MAQUI is a web application that supports expressive querying and flexible pattern mining for exploring event sequence data. It is a collaborative effort between researchers at Georgia Tech and Adobe Research. For more information about the project, please refer to the paper at IEEE VIS 2018:

MAQUI: Interweaving Queries and Pattern Mining for Recursive Event Sequence Exploration Po-Ming Law, Zhicheng Liu, Sana Malik, and Rahul C. Basole IEEE Transactions on Visualization and Computer Graphics (IEEE VIS 2018)

System Demo

This video walks you through the basic funcationality of MAQUI. This video demonstrates how MAQUI can be used for exploring the Foursquare dataset.

Data

MAQUI needs your data to be in two specific files in the data folder folder, in a specific format.

Events

data/events.csv is a file with one row per 'event'. In GOV.UK analytics, 'event' is unfortunately an overloaded term. We recommed creating a dataset with one row per Google Analytics hit, where a hit can be one of two types, PAGE or EVENT.
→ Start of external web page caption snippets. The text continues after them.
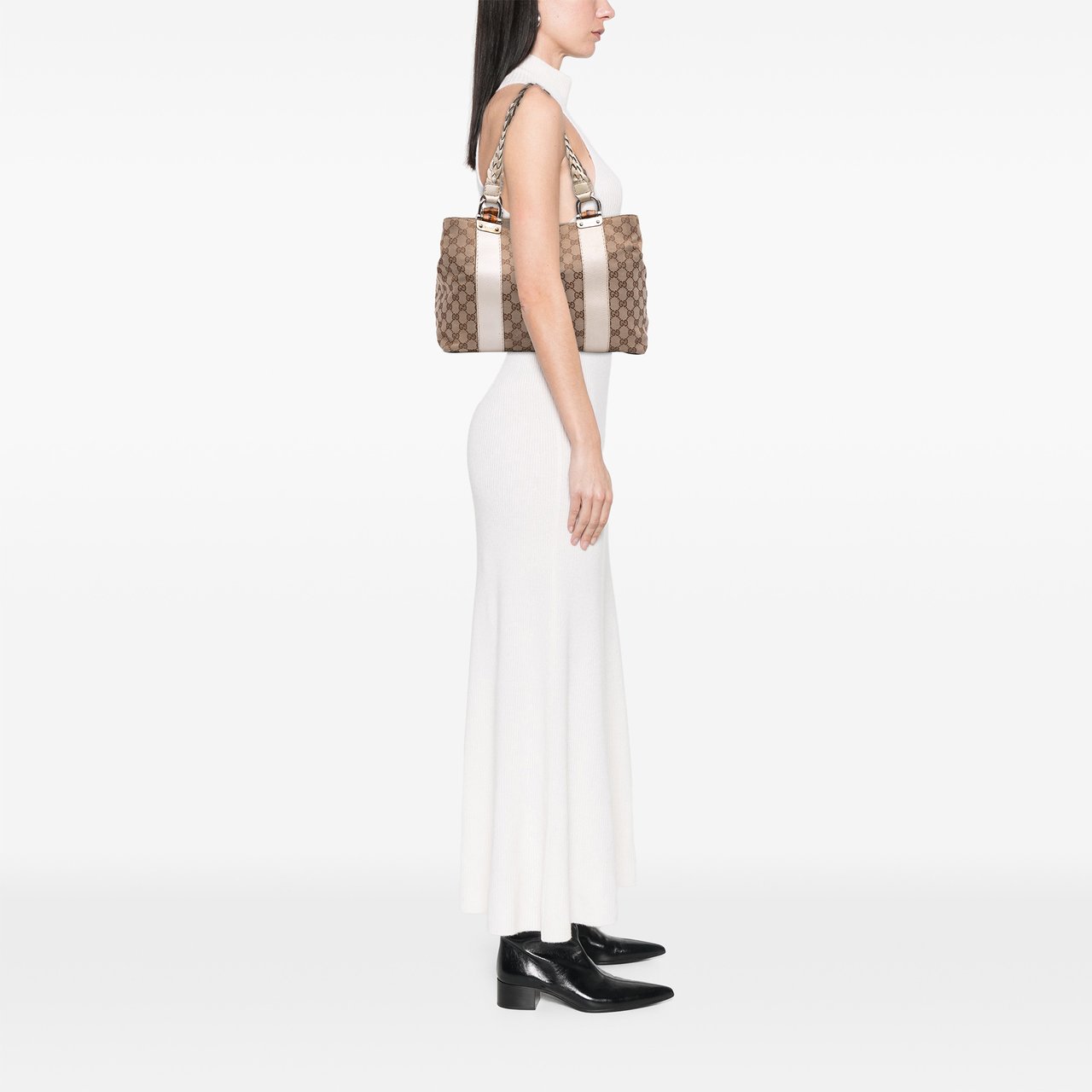 Gucci Medium GG Canvas Bamboo Libeccio Tote Bruin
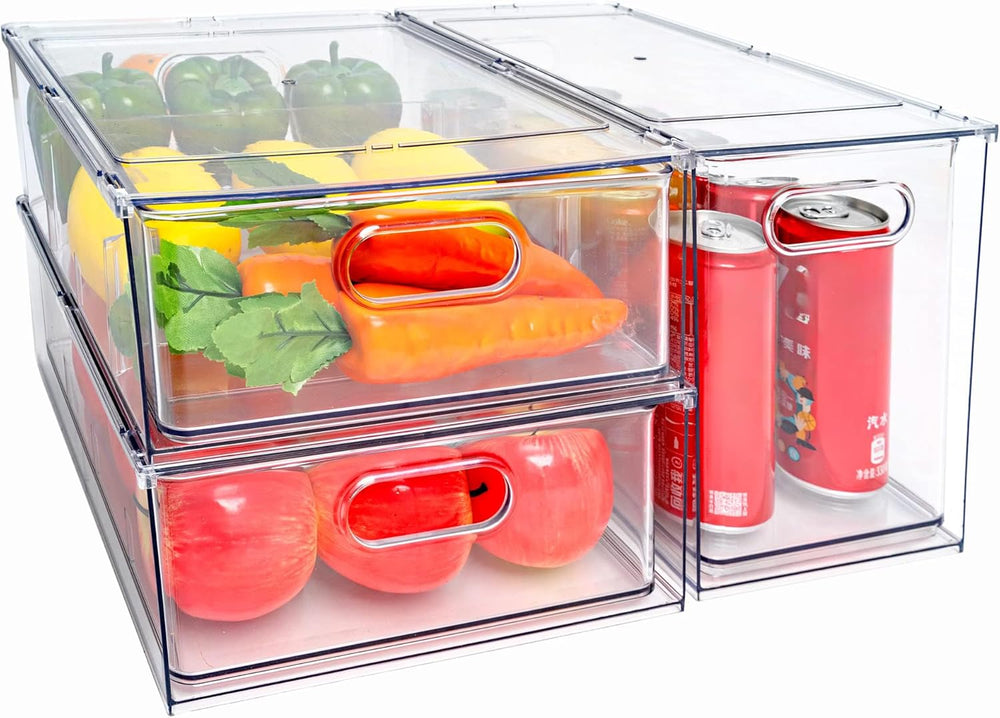 MineSign Stackable Fridge Drawer Pull-Out Bins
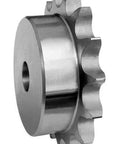 Heavy Duty Ansi B10 Hub Steel Sprocket Built Tough For Smooth Power Transfer On 60 Single Strand Chains Featuring A Straight Up 3/4 Inch Pitch And Pro Grip side view showcasing polished steel surface.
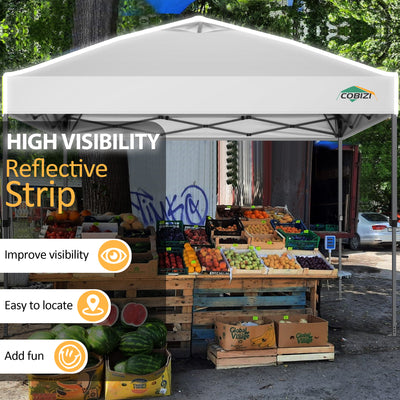 COBIZI 10'x10' Waterproof Pop Up Canopy With Reflective Strip & Air Vent, Easy Setup, 1-Button Push SPC100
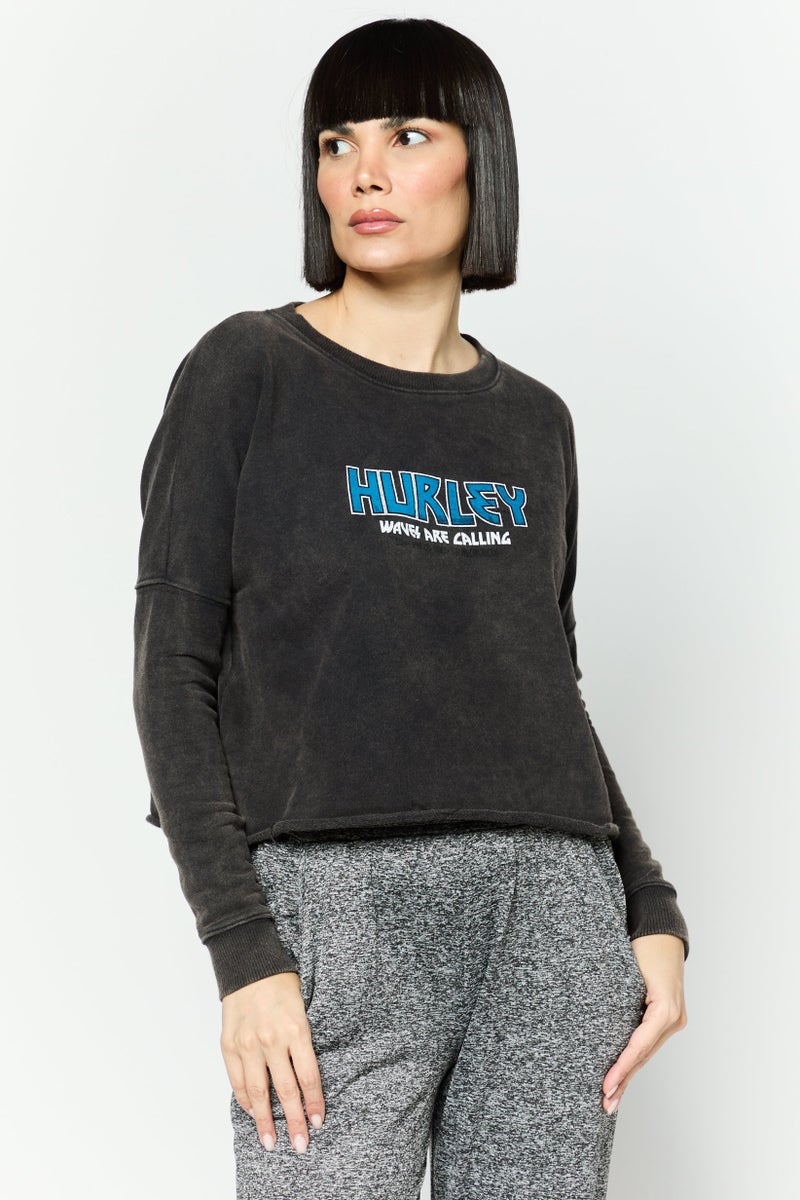 Hurley بلوزة رياضية نسائية بأكمام طويلة مناسبة في الهواء الطلق، مجموعة سوداء - Image 1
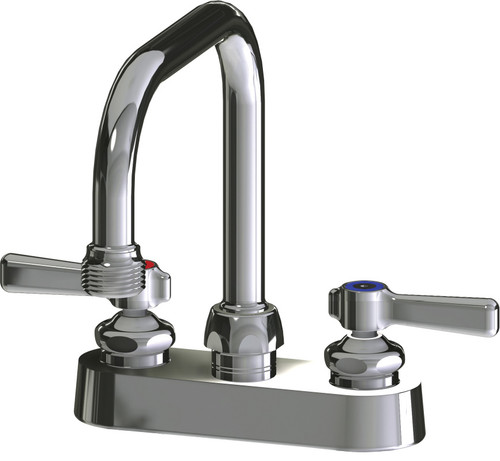 Chicago Faucets 526-E2CP Deck-Mounted Manual Faucet with 4" Centers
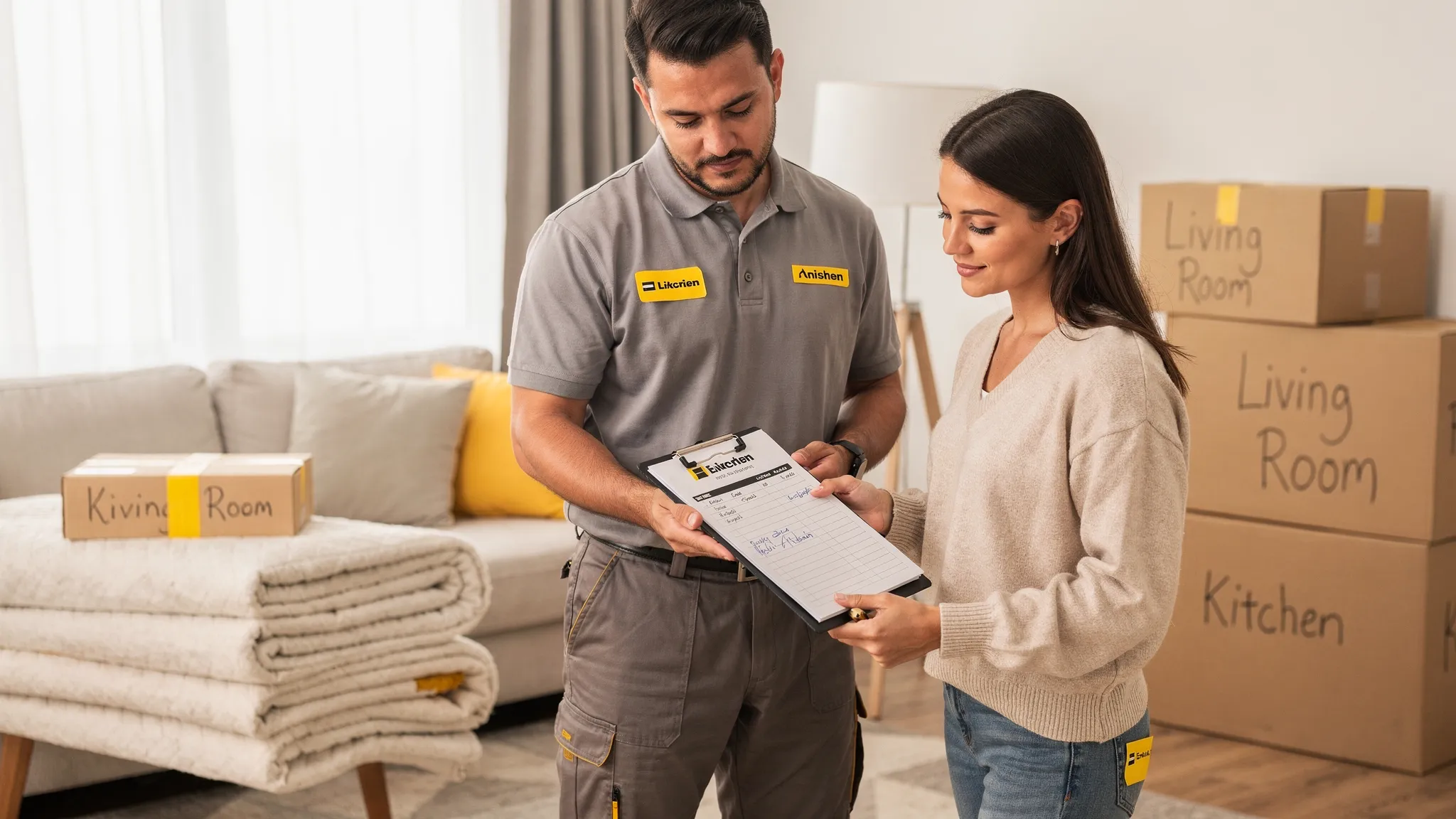 A mover and a customer reviewing a written moving estimate and inventory checklist on a clipboard next to labeled moving boxes and protective moving blankets in a living room.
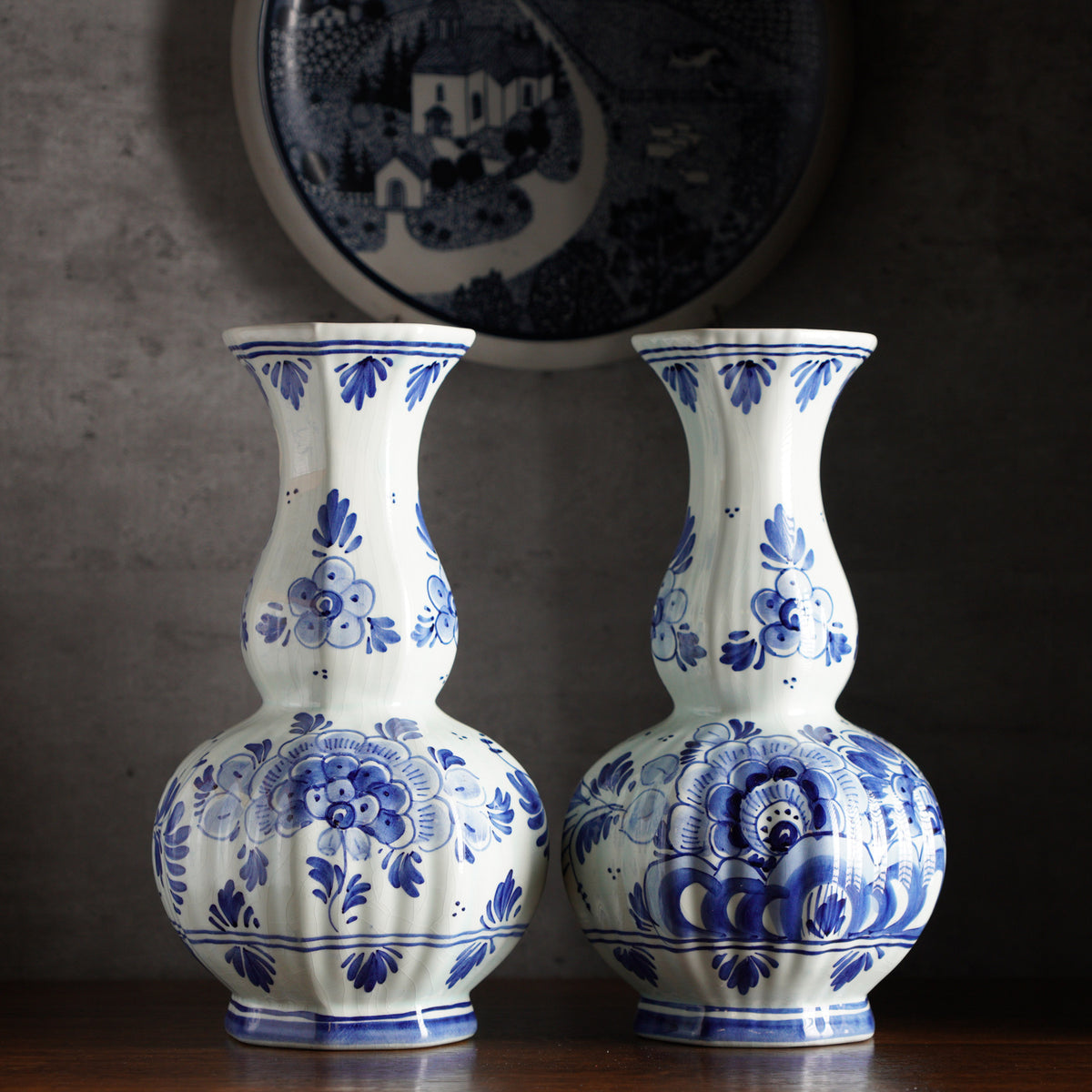 1950荷蘭Delft Blue風格手繪花瓶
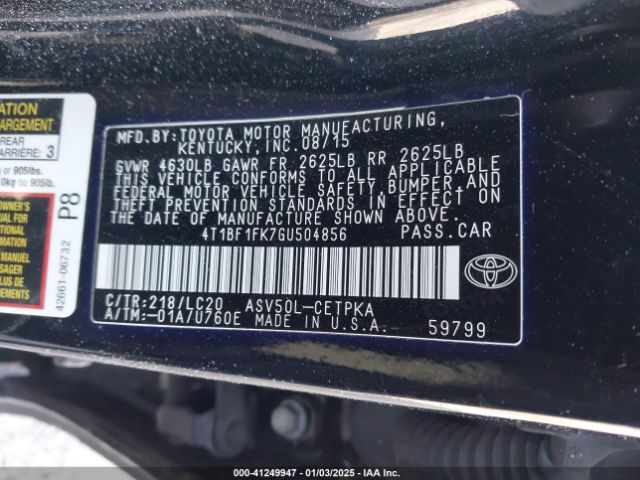 4T1BF1FK7GU504856 Toyota CAMRY XSE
The data/events.csv file must be comma-delimited, have a header row, and the first three columns must be ID,time,Activity. Data in the time column must be an ISO8601 datetime stamp of the form %Y-%m-%DT%H:%M:%S.%fZ. For example, 2022-03-02T06:11:23.004Z and 2022-03-02T06:11:23Z will both work, because subseconds are optional. Data in the ID column must be a unique ID per user/session, so we recommend combining the fullVisitorID and visitID. A line of SQL code to do this is be CONCAT(fullVisitorId, "-", visitId) AS ID.

Record Attributes

recordAttributes.csv is a file with one row per 'session'. The file exists to store attributes about each whole session (rather than about each hit in each session). It must have at least one column, called ID, containing the unique set of values from the ID column of the file data/events.csv. You can make any other columns to contain attributes about each session.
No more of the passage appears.